City approves Keg proposal, but two councillors say ‘no tank you’
Three harbourfront restaurants are getting a supersized propane tank, called “ugly” by one councillor, who warned that the city will face public criticism over the decision.
© — Photo by Keith Gosse/The Telegram
New construction next to The Keg
The application from The Keg to remove 12 existing propane tanks to be replaced with one 5,000-gallon tank to be used by The Keg and the two neighbouring restaurants Jack Astors and Legros & Motti under construction was approved by council at its regular Monday meeting, with Ward 2 Coun. Jonathan Galgay and Ward 4 Coun. Bernard Davis voting against it.
“Personally, I think it’s ridiculous. I don’t think it fits well,” said Galgay at the meeting. “I think it’s quite ugly, and I think that this council, if it proceeds to allow that, be prepared to face some public criticism. You went through it before with the harbour fence, and now a propane tank. I’ve travelled quite a bit, Your Worship, and I’m sure that there are other jurisdictions in the country and around the world that have faced these issues that have come up with something a little more unique.”
At-large Coun. Tom Hann, chairman of the planning and development committee recommending approval, noted that approval is conditional upon the painting of a mural on the structure as well the planting of a tree screen to help conceal the tank.
Davis was also opposed to the proposal, as the harbour is what greets tourists coming in through the Narrows.
“It’s the entrance to our downtown and Harbour Drive,” he said.
“I think there’s got to be a better result than a
33-foot-high propane tank greeting you as you enter Harbour Drive.”
Galgay is also skeptical of the tree screen.
“You can’t even grow a weed on the harbour apron,” he said.
But Ward 1 Coun. Danny Breen said there were other options looked at, but the large propane tank was the most suitable, and he challenged Galgay to come up with a better one.
“It’s not perfect. Nobody wants to have a propane tank there. But it’s going to be necessary, if you have some suggestions for us on how we can deal with this, we can have that discussion as we move forward.”
Mayor Dennis O’Keefe noted the harbour is “a working port” that blends in history and heritage.
“Given that reality, then yeah, you think outside the box.
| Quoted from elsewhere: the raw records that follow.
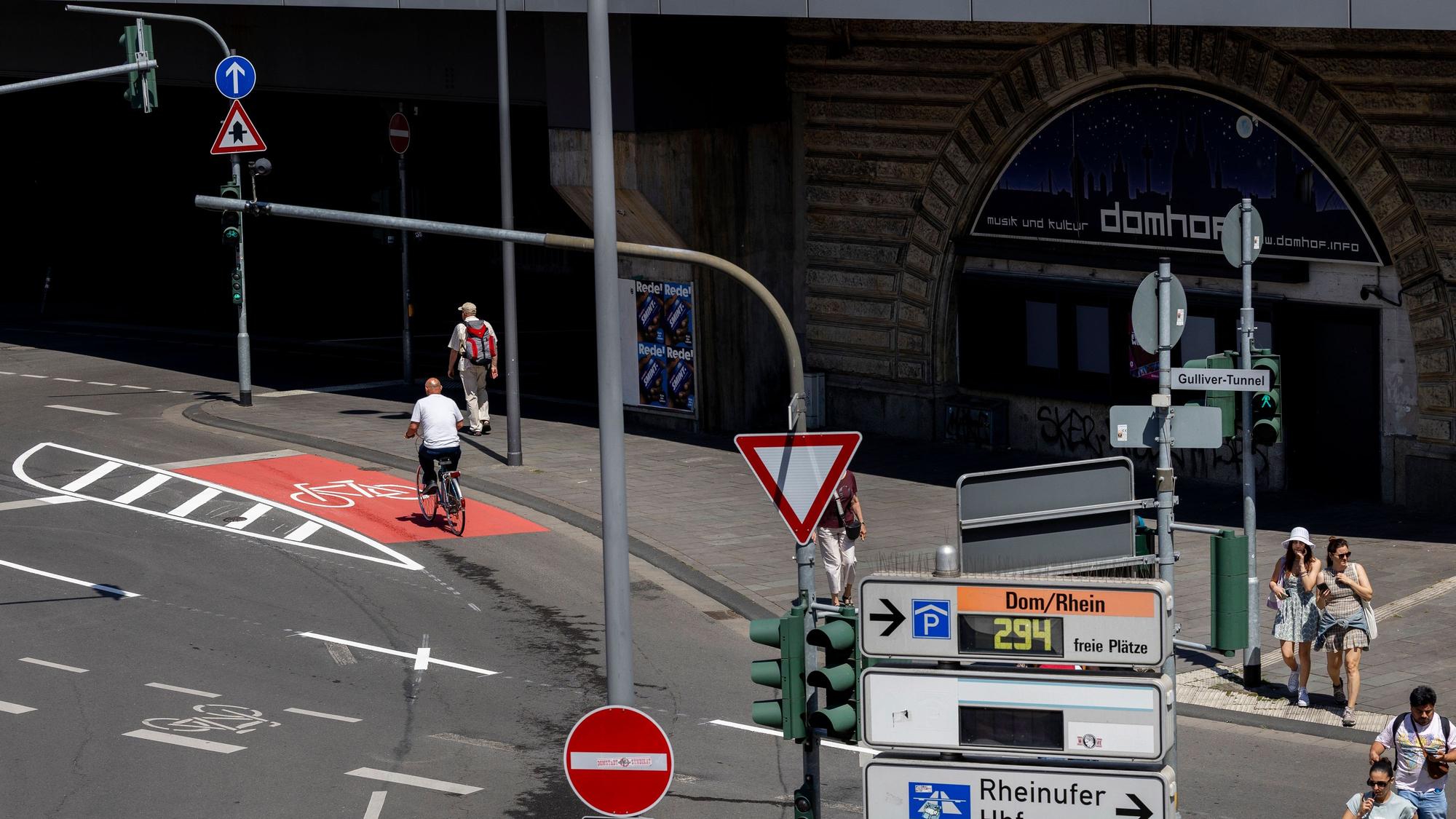 Neue Fahrbahnmarkierungen auf der Trankgasse.
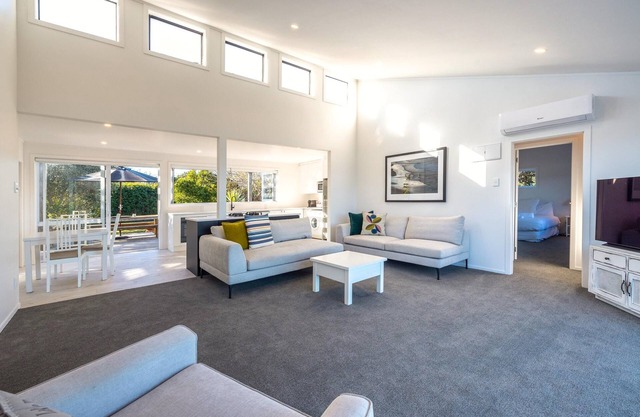 Driftwood Beach House - Driftwood Beach House is a newly renovated modern family home with three bedrooms, two bathrooms a large kitchen and a spa pool. Located on the shores of Blackpool Beach in Oneroa on a quiet (access only) road this is a beauti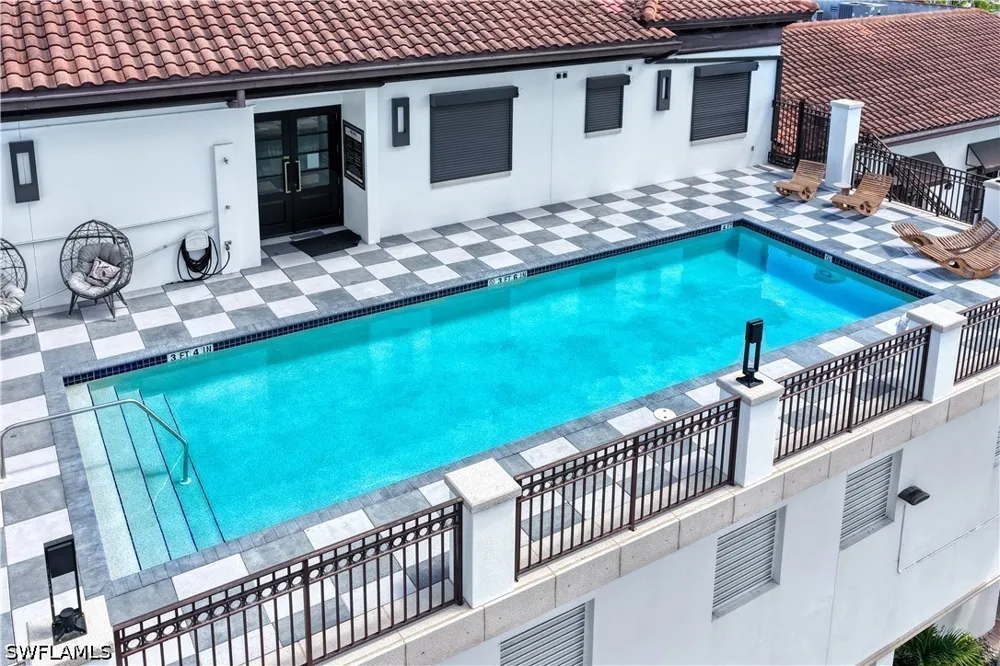 5th Avenue S #203 Naples, FL 34102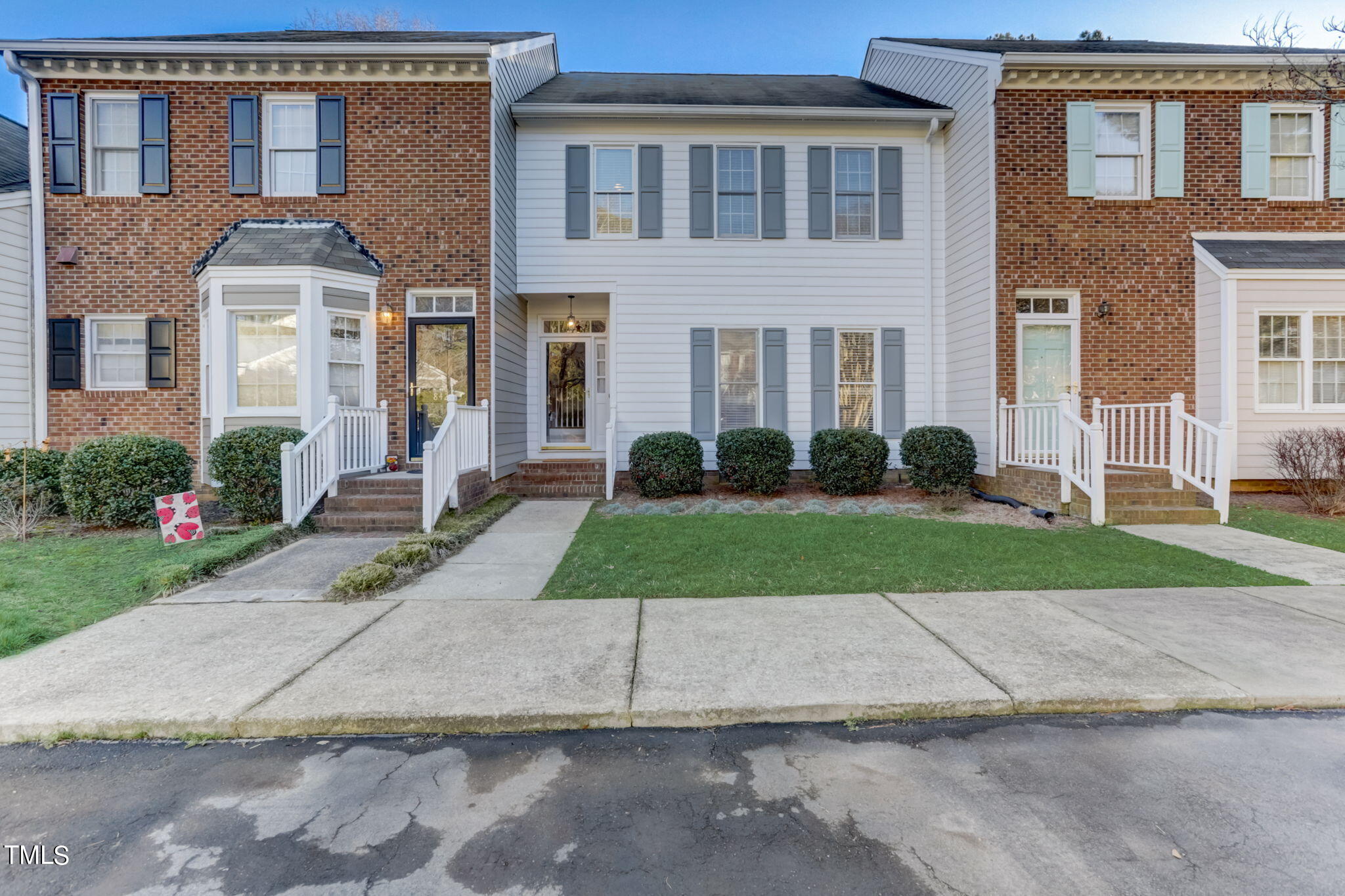 1-web-or-mls-Wycombe Ln-001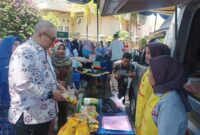 Pj Wali Kota Padang Andree Algamar meninjau pasar murah di depan Kantor Lurah Padang Pasir, Kamis (11/7/2024). (Foto: Prokopim Padang)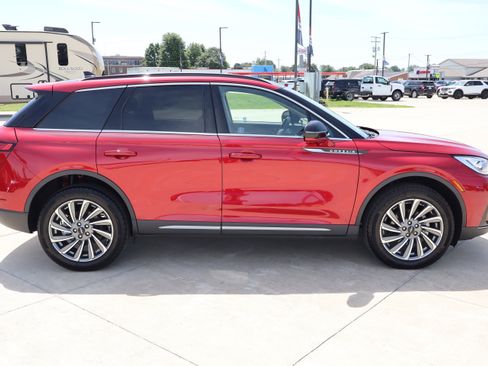 Used 2025 Lincoln Corsair Reserve FWD image 4
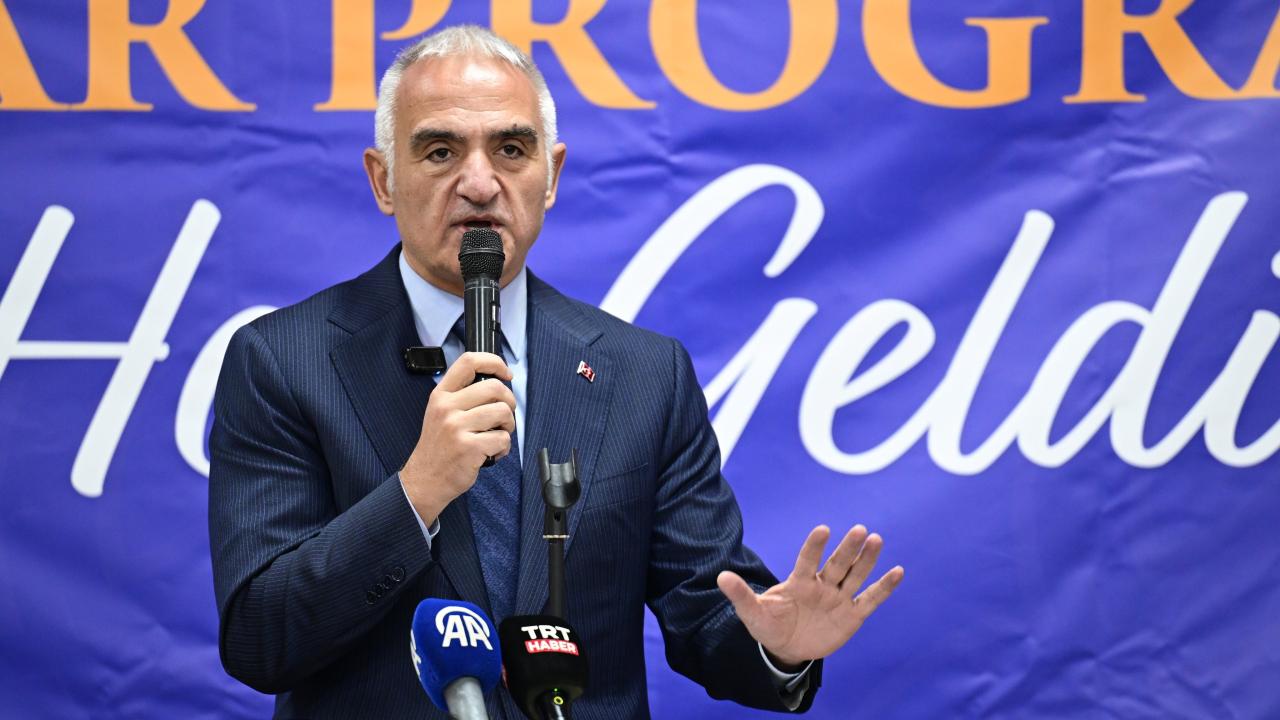 Kültür ve Turizm Bakanı Ersoy, baba ocağı İbradı'da iftar verdi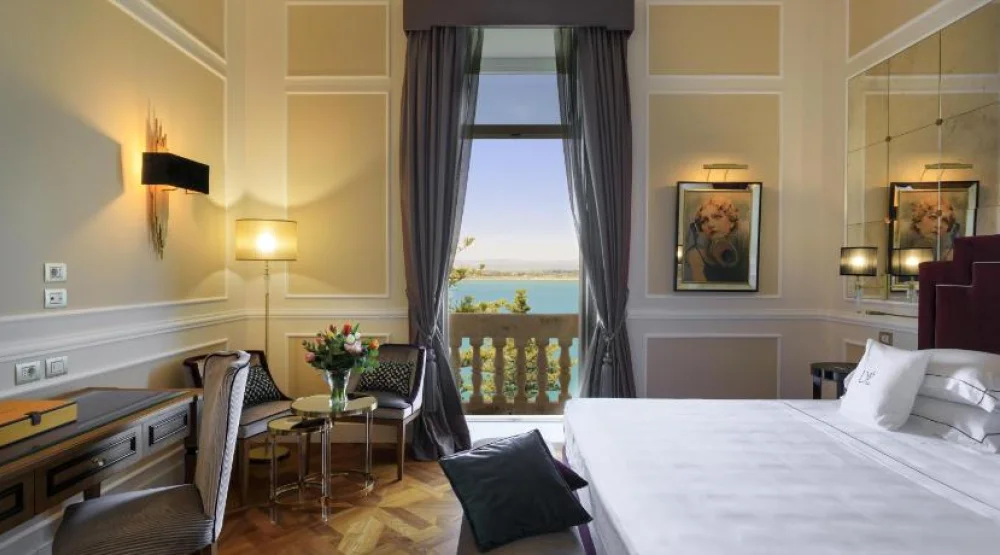 Deluxe Double with Sea View at Grand Hotel Des Etrangers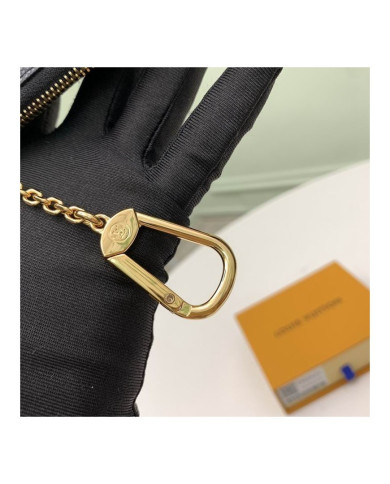 LV  YG  Wallet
And I think the owners of The Keg are thinking outside the box. They’re not just saying we’re going to put a few vines up here and a little tree down here.”
O’Keefe said The Keg owners will also hire landscapers to integrate the tank into what will become the harbour walkway.
“They have a terrific interest in making their property as attractive as they can possibly make it, because they’re in business, and they realize that being in the restaurant business, bringing hundreds, thousands of people down every year, they have to have an attractive premises.”
Following the meeting, Galgay said he’s not an expert on propane tanks, but believes The Keg could have come up with a better solution if council had rejected the 33-foot tank.
“If we turned that down tonight, I don’t think the Keg or the other properties that have been proposed are going to shut down,” he said.
“What happens if Sundance decides they need extra propane? Are we going to put a propane tank on the corner of New Gower Street? What the council’s done tonight has set a bad standard.”
Council has approved an application to allow Lester Farms to build greenhouse-style structures near Pearltown Road to house fish tanks to raise tilapia. Nutrients produced from fish waste will be used as fertilizer to grow vegetables and fish will be sold whole to the public, with no processing.
Twenty-one disputed square metres in a proposed townhouse development on Nunnery Hill isn’t enough of a problem to prevent the developer from going ahead. Council had previously deferred the application from RDG Holdings after Republic Properties, which owns the property next to the proposed development, claims that a three-metre-by-seven-metre portion of the proposed development lies on their land. But at-large Coun. Tom Hann said even if Republic Properties successfully claims the land, the loss of that portion won’t affect the development, giving council no reason not to give the project the go-ahead.